On 6 and 7 July, trade unionists from Spain, Poland, Germany, Italy and the UK came together in Newcastle and Durham (England) for an international workshop on community resilience and Just Transition in coalfield communities, organised ahead of the Durham Miners’ Gala on 8 July. Co-organised with the Durham Miners’ Association, University College London, the Trades Union Congress’ northern region and industriAll Europe’s affiliate, Unite The Union, the programme focused on the transition efforts of trade unions in Europe’s coalfield regions and how they are being pursued in a context of the energy and cost-of-living crises. 

The workshop was organised back-to-back with the Durham Miners’ Gala, or “the Big Meeting” - how it is referred to by local trade unions and coal communities which have been upholding the tradition since 1871. Held every second Saturday in July, the “Big Meeting” is the largest trade union rally in the UK, and perhaps in the world. 

The experience of County Durham - historically one of the UK’s major coalfields - its current challenges and how it upholds the strong traditions of former mining communities provided much food for thought for the representatives of the trade unions that are concerned and dedicated to managing the phase-out of coal in their coalfield regions.

In the UK, the brutal closure of pits following the 1984-85 miners’ strike thrust many communities into deindustrialisation, unemployment and poverty. Since then, it has been largely the commendable work of local actors who have been struggling to rebuild a social infrastructure that these communities have recovered from this shock and are now trying to create attractive living conditions for all those living there. 

Today, the region has attracted investment in the automotive, call-centre and logistics industries. Concerns were expressed about the threat to jobs from the rapid roll-out of robotisation and AI. There is much potential in the region due to its proximity to the North Sea, where offshore windfarms and CCUS projects offer, not only a new energy infrastructure but also potential job-to-job transition for todays’ oil and gas workers. The legacy of Brexit and the lack of industrial policy and strategic foresight of the British Government threaten a successful energy transition that could provide many high-quality jobs in the region. 

Last week’s workshop offered a deep dive into how the transition of coal communities is being managed in the different national contexts and how trade unions are currently dealing with the imminent dangers of political backlash and growing populist and far-right parties. Participants described their efforts to negotiate agreements to manage the job-to-job transitions, plan the re-cultivation of coalfield areas and offer support to former coal miners.
While all of the participants find themselves at different stages of the transition process, the exchange of experiences and building of partnerships is strong.  An example of how to address the growing threat of right-wing extremism was presented by industriAll Europe’s affiliate FIOM CGIL, who has developed an internationally endorsed Antifascist Trade Union Manifesto as a response to the violent attacks on its trade union headquarters in Rome in October 2021. 

The challenges are manifold, but changes must be anticipated and planned with the participation and proactiveness of strong trade unions in Europe’s coal regions.

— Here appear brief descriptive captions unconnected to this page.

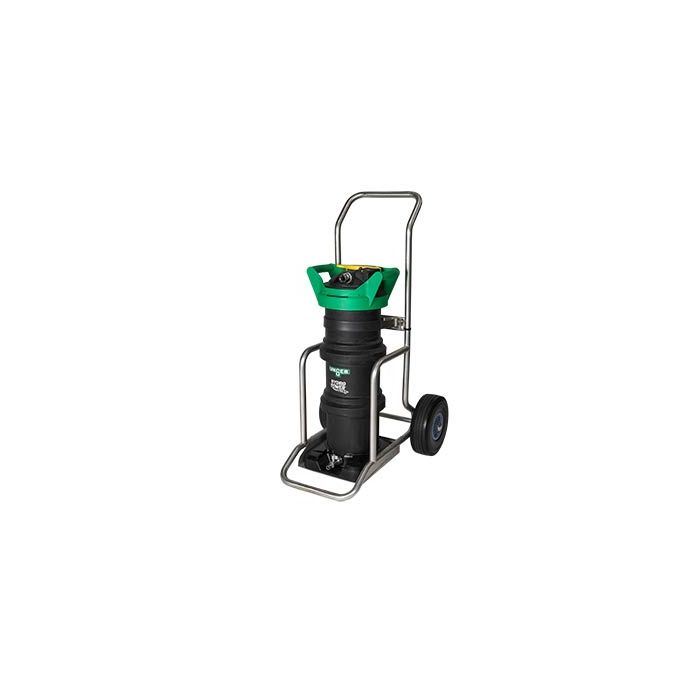 HydroPower Ultra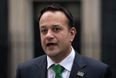 The government doesn’t want to know how many people are raped in Ireland every year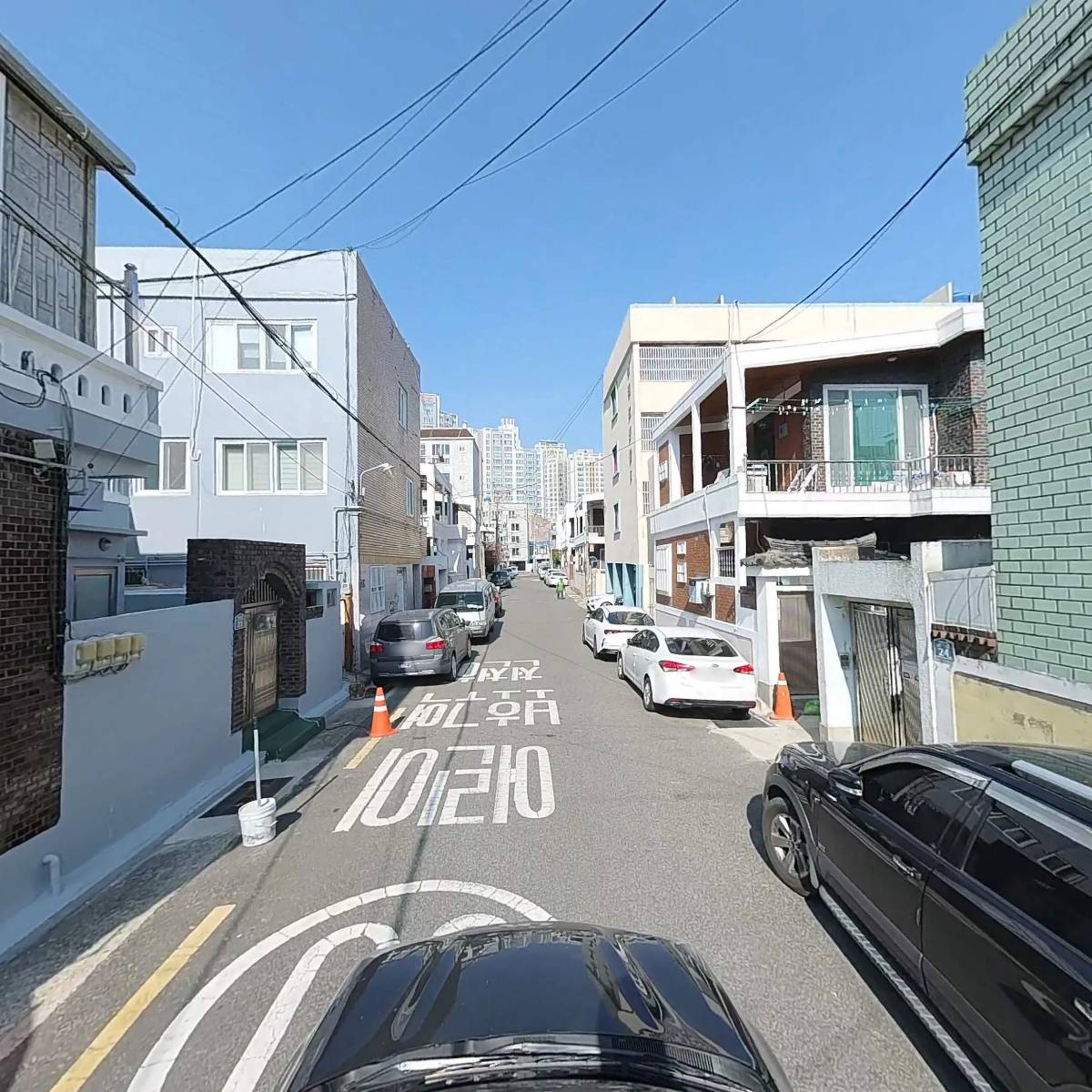 헤이웨어_4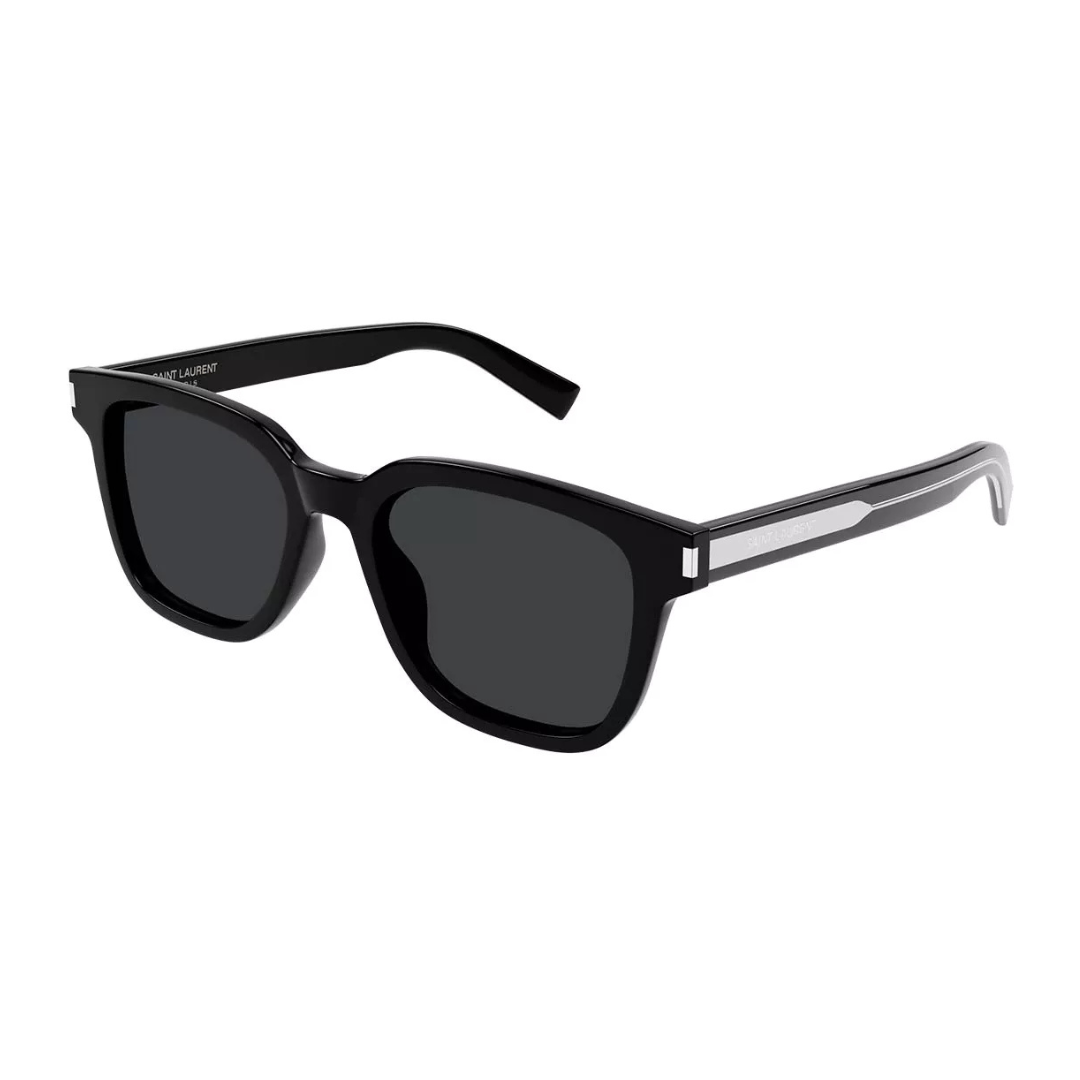 Saint Laurent Solar SL 711/K-001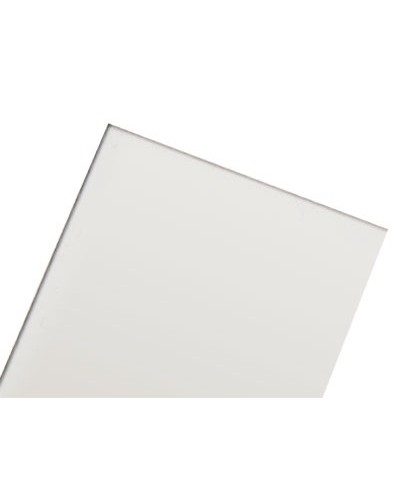 Рассеиватель VARTON V2-R0-PR00-00.2.0042.25 в Томске Рассеиватели Pintop.ru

Trade unions have a choice between denying change and potentially being wiped out by the transition, or organising the future with all forces to create a liveable and attractive future for young generations. 

“The opportunity to join the celebrations of the 137th Durham Miners’ Gala was a unique and emotional experience for our delegation. Watching the banners of the UK’s coal communities being carried with pride down the roads of Durham, accompanied by the proud tunes of brass bands, and witnessing the Durham Miners’ Gala Service at Durham Cathedral gave us a new push for energy and dedication to work together in solidarity for a just future for these important communities”, said Judith Kirton-Darling, Deputy General Secretary of industriAll Europe (and former Labour MEP for the Northeast of England).